In particular, it argues that too much weight is given to the potential perils associated with a more open approach, while the benefits of more traditional systems are overrated. This prevents leaders from driving the cultural shift required in moving from a top-down hierarchical culture to a transparent culture that fosters openness, honesty, collaboration and innovation.
Meanwhile, employees in some organisations that have been slow to embrace social media have taken matters into their own hands by forming unofficial channels of communication between fellow colleagues and external audiences.
“For organisations to thrive, employees must be given the opportunity to discuss how their organisations can innovate and feed their views upwards, as well as having the freedom to blow the whistle about genuine issues at work,” Jonny Gifford, research adviser at the CIPD, commented.
“Social media won’t always be the most appropriate channel for discussing issues, but employers must wake up to the fact that they can’t ignore it. Employee voice expressed through social media is much more influential because it is more likely to be heard.

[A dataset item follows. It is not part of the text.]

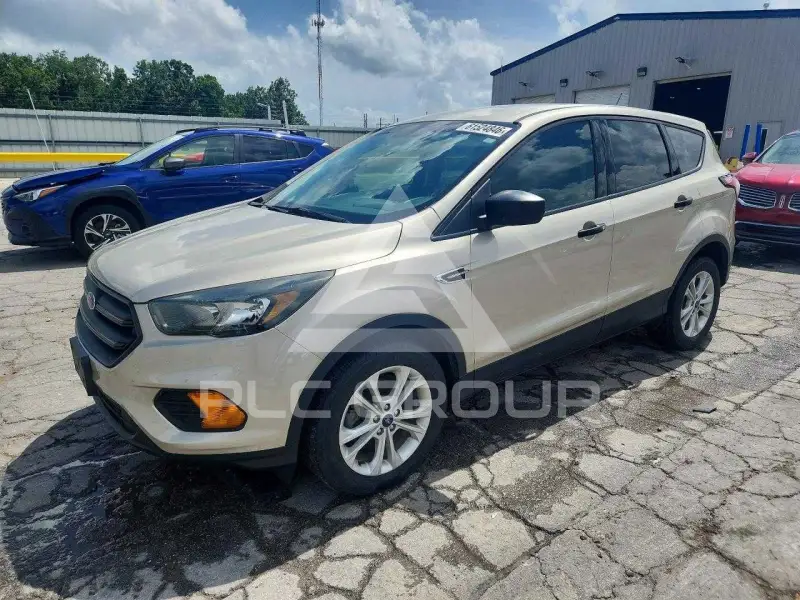 2018 Ford ESCAPE фото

In comparison, employee surveys are ‘voice without muscle’. Social media affects even organisations that have been slow in the uptake, whether they realise it or not or whether they like it or not, so employers must start designing their own future in employee voice before it designs them.
“Our research suggests that the risks associated with inaction are far greater than those associated with embracing social media as a channel for employee voice. We need to remain alive to some of the potential risks of social media — for example, will it make organisations more susceptible to group think and social herding, which aren’t always conducive to organisational growth and success?
“But employers should also be thinking hard about the opportunity social media gives them to simultaneously collect opinions and facilitate discussion about genuine opinions and ideas, and to analyse the data in rich and meaningful ways. ”
Regardless of the channels of communication at play, the CIPD advises employers to ensure that they create the right cultures and conditions in their organisation for employee voice to flourish, so that wrongdoing is called out and good ideas and innovation prosper:
– People will only speak up when they feel it is safe to do so, so senior managers must drive a culture of transparency and honesty, in which employees trust the organisation enough to express their views, whether they are invited to offer them or do so of their own volition
– If employees feel their suggestions are unlikely to go unheard, they will be more likely to feel that input is simply wasting time. Explanations should always be offered by leadership if certain suggestions cannot be put into practice and employees who make valuable suggestions for change and innovation should receive due recognition
– Adopting social media within organisations is one way of helping to develop these conditions.